Building Sustainable Cities with Public-Private Partnerships

(3BL Media/Justmeans) – According to the World Bank estimates, financing of $5 trillion per year is required globally for new infrastructure, including healthcare, clean water, transport, and access to energy for all. Given the limitations of government resources, a significant amount of private finance is necessary to fill the gap. Public-private partnerships (PPPs) are seen as a viable modality through which additional resources can be attracted to create sustainable infrastructure.

Partnerships for Clean Energy

In 2015, Washington DC entered into a 20-year power purchase agreement (PPA) with Iberdrola Renewables. The PPA prevents the release of air pollutants such as soot, smog and mercury that are harmful to human health. Wind power procured under the PPA will supply roughly one-third of the district government’s electricity from a 46MW wind farm.

The Institute for Market Transformation works with local governments committed to reducing energy and carbon emissions attributed to buildings. The cities participating in the City Energy Project are often motivated by energy and health benefits alike. Their private sector engagement is largely with the real estate community. This collaborative approach ensures the programs and policies are effective in reducing emissions, but are not overly burdensome for those who must comply.

Partnerships for Healthcare

The World Health Organization (WHO) has developed the Urban HEART tool that enables communities and cities to collect a limited set of health, governance and socio-economic indicators; to analyze it, and to translate it easily for decision makers. Using evidence from the WHO’s commission on social determinants of health, Urban HEART encourages policymakers to develop a holistic approach in tackling health equity.

Officials in nearly 50 countries have been trained on using Urban HEART. Detroit is the first American city to use Urban HEART. The critical ingredient is educating departments about where and how health needs to involved, usually much earlier and more critically. The program’s core efforts are directed at leveraging health to disrupt intergenerational poverty, focusing on those health outcomes that drive poverty among children.

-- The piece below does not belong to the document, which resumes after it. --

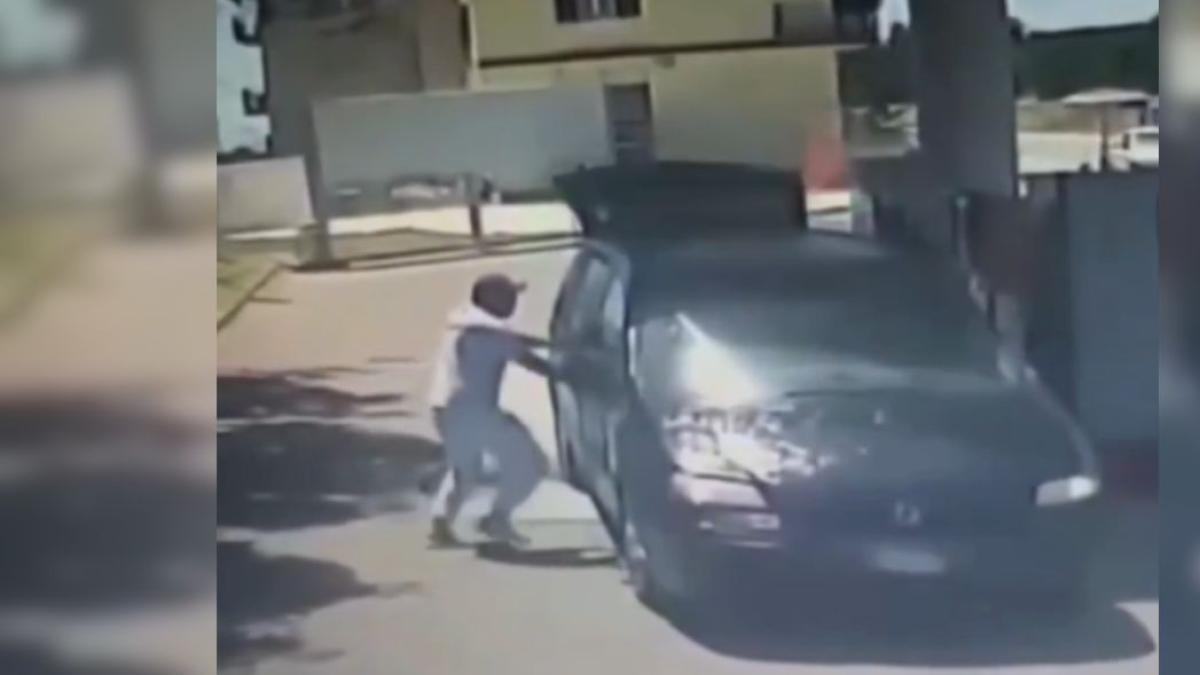 İtalya'da Göçmen İşçilere Korkunç Saldırı: Dört Kişi Canlı Canlı Yakılarak Öldürüldü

Partnerships for Transport

Novo Nordisk built a research partnership with C40, the global mayor’s partnership on climate, to map the co-benefits of climate and health. For example, city bikes and bike lines can contribute to improving climate and improved health. But biking and walking must be made safer in order to increase their use.

The Bloomberg Philanthropies initiative for global road safety has created a network of 10 cities in Africa, Latin America and Asia that are actively working on improving safety.